薛秀琴立刻奔到湖边,双眼放光地看着湖面:“这个,湖里面养了很多鱼吧?”

高卫东虽然感觉这姑娘似乎关注错了重点,她难道不应该惊讶水上还能种菜吗?

不过,他还是直接抓住了骄傲的底色,故作漫不经心的模样:“唉,我们三江平原别的不多,就是水多湖泊多,没办法,只能问湖要田,所以才把水当成田来用。种着种着就出了点成果,现在不仅农场在推广,周围不少生产队也过来要学习。我估计到时候增加两三万亩的水面种植面积不成问题。哎,不过你们也别沮丧,情况不同,你们那儿缺水,没办法用这招。”

哼,他们鱼米之乡的名头是吹的吗?就是大片的水也能下面鱼上面米。

结果他话都说到这份上了,薛秀琴居然丝毫不配合,完全没有沮丧的模样,只懊恼地跺脚:“哎呀,我们早就该想到的。司徒磊他们用水缸养鱼,菜篮子种菜,就是一个小型的水塘。我们也可以在宁甘农场这样搞的。哎呀,耽误了一季,损失了好多粮食。”

高卫东跟不上她的节奏。

等等,小姑娘,你在说什么稀奇古怪的话。谁不知道宁甘缺水缺的水都成油了,田蓝到今天想的都是如何节水。

你们还想水上种菜种庄稼?开玩笑哦。你们哪儿来的湖泊?哪儿来的池塘?

薛秀琴立刻用看傻子的眼神看着面前的这位男青年。

这人真的是大学生吗?现在大学生的质量委实堪忧。

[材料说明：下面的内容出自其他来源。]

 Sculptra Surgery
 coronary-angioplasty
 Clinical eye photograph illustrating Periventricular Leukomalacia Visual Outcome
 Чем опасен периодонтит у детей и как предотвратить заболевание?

她看着郝建设还以为大学没问题,培养出来的学生都很实用。瞧见这位高卫东,她就明白为什么伟大的领袖一定要搞文化运动了。

脑袋瓜子完全读僵了,根本不接地气嘛。

他们宁甘农场的高台鱼塘这么出名,他居然说他们没有池塘可以种菜?

怕不是个傻子吧。

高卫东一时瞠目结舌,居然找不出话来反驳。对,宁甘农场的高台鱼塘他是知道的。他们改造冷浸田,做出垄沟时,大家还说这就是一个微型的高台鱼塘。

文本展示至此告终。